The issue of association, however, brings me to the important case of Coleman v Attridge Law [2008] All ER (EC) 1105. The claimant there was employed as a legal secretary. She gave birth to a disabled son. She was his primary carer. After taking voluntary redundancy she lodged a claim for unfair constructive dismissal, alleging that she had been treated less favourably than other employees because she was the primary carer of a disabled child. This was said to be direct discrimination contrary to Article 2.1 and 2.2(a) of the Directive. The latter provides that:
"Direct discrimination shall be taken to occur when one person is treated less favourably than another . . . in a comparable situation on any of the grounds referred to in Article 1."
I interpolate they include disability.
The employment tribunal in Coleman referred a preliminary issue to the Court of Justice at the European Union asking essentially whether the Directive had to be interpreted as prohibiting direct discrimination only in respect of an employee who was himself disabled or whether the prohibition applied equally to an employee who was not himself disabled but who was treated less favourably by reason of the disability of his child. The CJEU answered the question in favour of the claimant. At paragraph 38 the court indicated that the principle of equal treatment which the direct discrimination provisions were designed to safeguard was not:
" . . . limited to people who themselves have a disability within the meaning of the directive. On the contrary, the purpose of the directive, as regards employment and occupation, is to combat all forms of discrimination on grounds of disability. The principle of equal treatment enshrined in the directive in that area applies not to a particular category of person but by reference to the grounds mentioned in Article 1."
However, the court went on to contrast Article 5.
Paragraphs 39 to 42 of the judgment of the court are in these terms:
"39. It is true that Directive 2000/78 includes a number of provisions which, as is apparent from their very wording, apply only to disabled people. Thus, Article 5 provides that, in order to guarantee compliance with the principle of equal treatment in relation to persons with disabilities, reasonable accommodation is to be provided. This means that employers must take appropriate measures, where needed in a particular case, to enable a person with a disability to have access to, participate in, or advance in employment, or to undergo training, unless such measures would impose a disproportionate burden on the employer.
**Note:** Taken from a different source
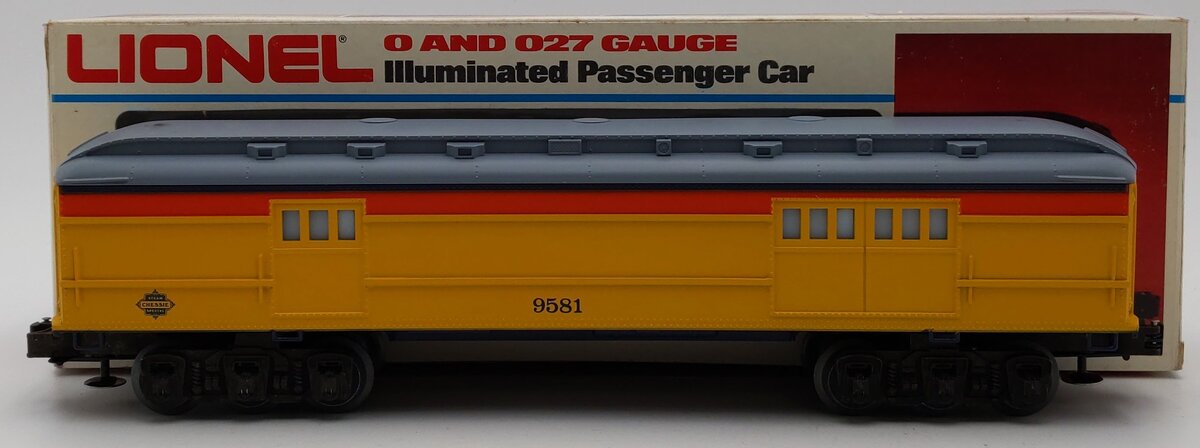Lionel 6-9581 O Gauge Chessie Steam Special Baggage Car #9581 EX/Box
- Article 7(2) of Directive 2000/78 also provides that, with regard to disabled persons, the principle of equal treatment is to be without prejudice either to the right of Member States to maintain or adopt provisions on the protection of health and safety at work or to measures aimed at creating or maintaining provisions or facilities for safeguarding or promoting the integration of such persons into the working environment.
- The United Kingdom, Greek, Italian and Netherlands Governments contend, in the light of the provisions referred to in the two preceding paragraphs and also of recitals 16, 17 and 27 in the preamble to Directive 2000/78, that the prohibition of direct discrimination laid down by the directive cannot be interpreted as covering a situation such as that of the claimant in the main proceedings, since the claimant herself is not disabled. Only persons who, in a comparable situation to that of others, are treated less favourably or are placed in a disadvantageous situation because of characteristics which are particular to them can rely on that directive.
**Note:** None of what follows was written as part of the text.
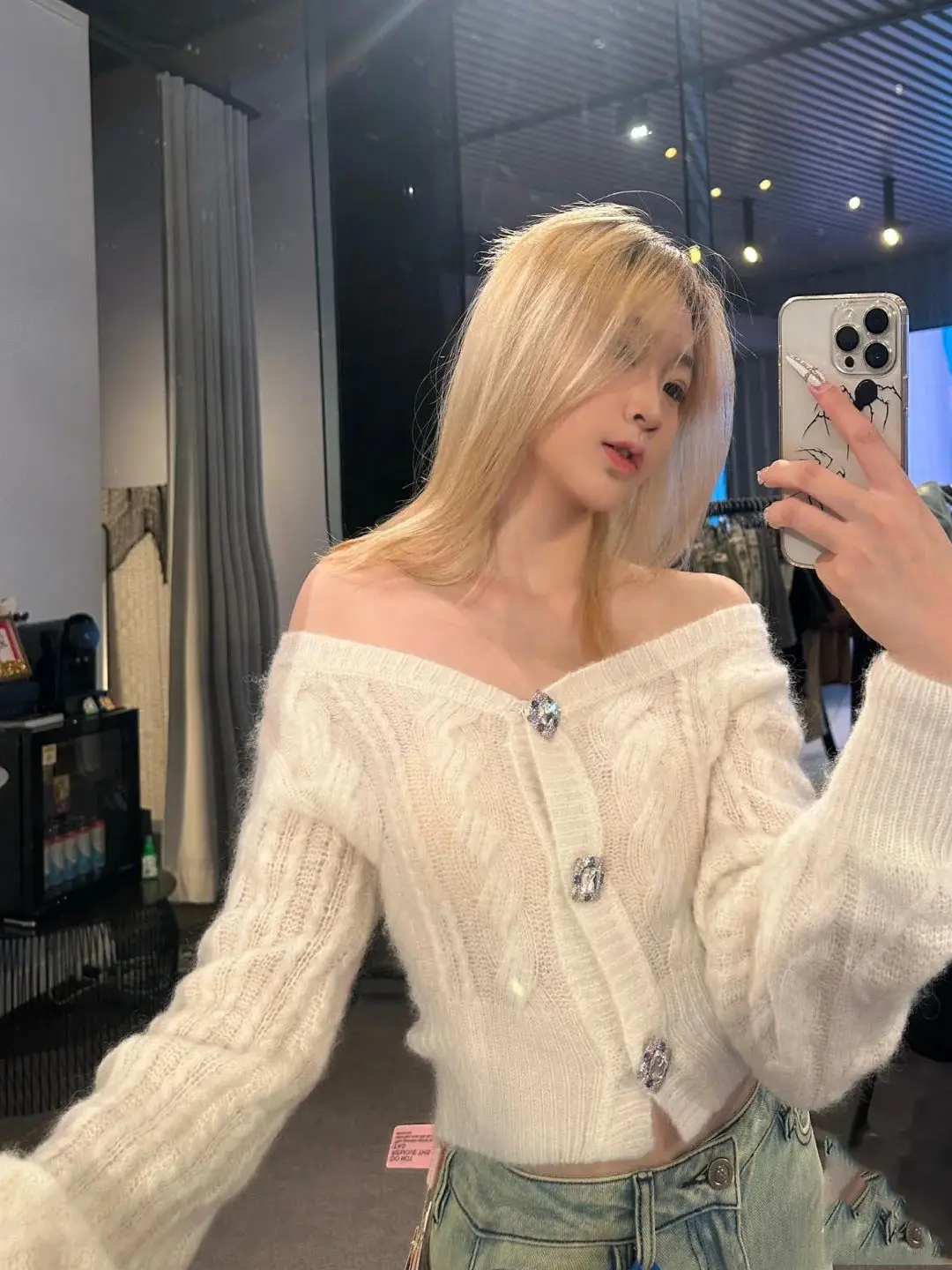 

Свитер Nahany oulder Bared ort Length, женский трикотаж Lazy Sle на одно плечо, повседневный свободный крой для поездок на работу, длинный све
- Nevertheless, it must be noted in that regard that the provisions referred to in paragraphs 39 and 40 of this judgment relate specifically to disabled persons either because they are provisions concerning positive discrimination measures in favour of disabled persons themselves or because they are specific measures which would be rendered meaningless or could prove to be disproportionate if they were not limited to disabled persons only. Thus, as recitals 16 and 20 in the preamble to Directive 2000/78 indicate, the measures in question are intended to accommodate the needs of disabled people at the workplace and to adapt the workplace to their disability. Such measures are therefore designed specifically to facilitate and promote the integration of disabled people into the working environment and, for that reason, can only relate to disabled people and to the obligations incumbent on their employers and, where appropriate, on the Member States with regard to disabled people."
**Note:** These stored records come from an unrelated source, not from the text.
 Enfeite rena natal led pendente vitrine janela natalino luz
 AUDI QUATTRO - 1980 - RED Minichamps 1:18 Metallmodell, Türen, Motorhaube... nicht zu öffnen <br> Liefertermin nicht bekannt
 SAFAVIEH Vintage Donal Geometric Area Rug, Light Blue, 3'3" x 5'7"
The contrast is plain. Article 5 is limited so as to require measures only for the assistance of disabled employees or prospective employees of the employer in question. I am afraid I consider that Mr Pilgerstorfer's ingenious attempt to escape the coils of this contrast, despite their elegance, is doomed to failure. The case of Coleman supports the straightforward interpretation of Article 5 which commends itself on the Article's language and which I have already described.
Mr Pilgerstorfer's references to passages in the opinion of the Advocate General, upon which he laid some emphasis this morning, do not advance the case. There is nothing there to dislodge or qualify the plain effect of the judgment. As with some of the Directive's recitals and also certain of the international measures to which I shall refer shortly, some of the Advocate General's reasoning sets out basic, broad and undoubtedly important ideals and principles; but in any attempt to apply materials of that kind in the interpretation of a concrete provision such as Article 5, care needs to be taken to respect the equally important principle of legal certainty.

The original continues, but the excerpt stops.